Even stranger, the company owns land with a carrying value of around ₹12 crore, while management claims the market value is close to ₹180 crore. That one line alone is enough to keep investors interested.

Then comes the big twist.

NDL Ventures is trying to merge Hinduja Leyland Finance into itself. RBI has already granted a No Objection Certificate. CCI has approved the deal. The Board has approved the merger ratio of 25 NDL shares for every 10 shares of Hinduja Leyland Finance.

Suddenly, this boring company with no sales could transform into a proper financial services business.

But until that merger happens, investors are effectively paying premium valuations for a promise.

And in markets, promises can be gold mines.

Or very expensive jokes.

2. Introduction

NDL Ventures has had one of the strangest corporate journeys in the market.

It began life as a digital media and cable television business under the NXTDIGITAL brand. At one point, it had 5 million digital TV subscribers, 1 million broadband users, 47 acres of land inventory, thousands of franchisees, and presence across hundreds of cities.

Then came the demerger.

In November 2022, the digital media business was carved out and transferred to Hinduja Global Solutions. That removed the entire operating engine from NDL Ventures.

The company then changed its name from Nxt Digital to NDL Ventures in April 2023.

Since then, the company has looked like a corporate entity waiting for its next identity.

Its Memorandum of Association was altered to include financial services activities. Revenue vanished. The company began surviving on interest income from inter-corporate deposits and small miscellaneous income.

This is visible in the quarterly numbers as well.

Every quarter shows:

  • Zero sales
  • Roughly ₹1.2 crore of other income
  • Around ₹0.8–1 crore of expenses
  • Tiny quarterly profits of ₹0.15–0.30 crore

This is not a business. This is basically a treasury department with a stock market listing.

Yet investors are not looking backward. They are looking ahead.

The entire story today revolves around Hinduja Leyland Finance.

If the merger goes through, NDL Ventures suddenly gets a real lending business, a loan book, customers, branches, financing operations, and an actual reason to exist.

Without the merger, NDL Ventures remains a cash-rich listed company with no business activity.

So investors today are not buying earnings.

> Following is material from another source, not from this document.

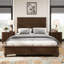 Ensemble de chambre à coucher grand lit cannelé en bois massif avec 2 tables de chevet Sawyer-1566389569-1566389598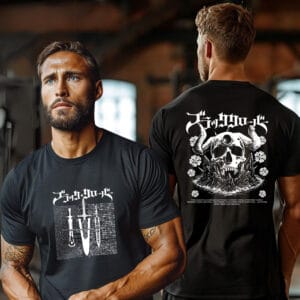 Man in neon-lit urban alley wearing the black Demon Grimoire Anime T-Shirt, showing the front sword graphic as streetwear.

They are buying optionality.

And optionality is one of the most dangerous words in stock markets because it can justify almost any valuation.

Would investors still pay 469 times earnings for a company with zero sales if there was no merger story?

Probably not.

But when the Hinduja group is involved, the market is willing to give management a very long rope.

3. Business Model – WTF Do They Even Do?

Right now, NDL Ventures does not really have an operating business in the traditional sense.

Its income comes from:

  • Interest income on inter-corporate deposits
  • Interest on fixed deposits
  • Tax refunds
  • Provisions written back
  • Salary reimbursements

That is basically it.

So if somebody asks what NDL Ventures does today, the answer is:

“It lends money, parks cash, earns interest, and waits for a merger.”

The interesting part is that management clearly wants this company to become a financial services platform.

The proposed merger with Hinduja Leyland Finance is the key event.

Hinduja Leyland Finance is a lending business. Once merged, NDL Ventures could get exposure to:

  • Vehicle financing
  • Commercial vehicle loans
  • SME lending
  • Retail finance
  • Loan book growth
  • Financial services income

This would completely change the company profile.

Today, the company is basically a parked corporate vehicle.

Tomorrow, it could become a mid-sized NBFC platform.

That is why investors are tracking every approval closely.

RBI has already granted NOC.
CCI has already approved the merger.
The Board has already approved the merger scheme.

The only major hurdle left is the full regulatory and NCLT process.

Until then, the business model is not exciting.

It is like watching the trailer of a movie which has still not started shooting.

4. Financials Overview

Since the latest official heading is Quarterly Results, this is treated as a quarterly result set.

Annualised EPS is based on Q4 FY26 full-year EPS because March quarter results include full-year audited EPS.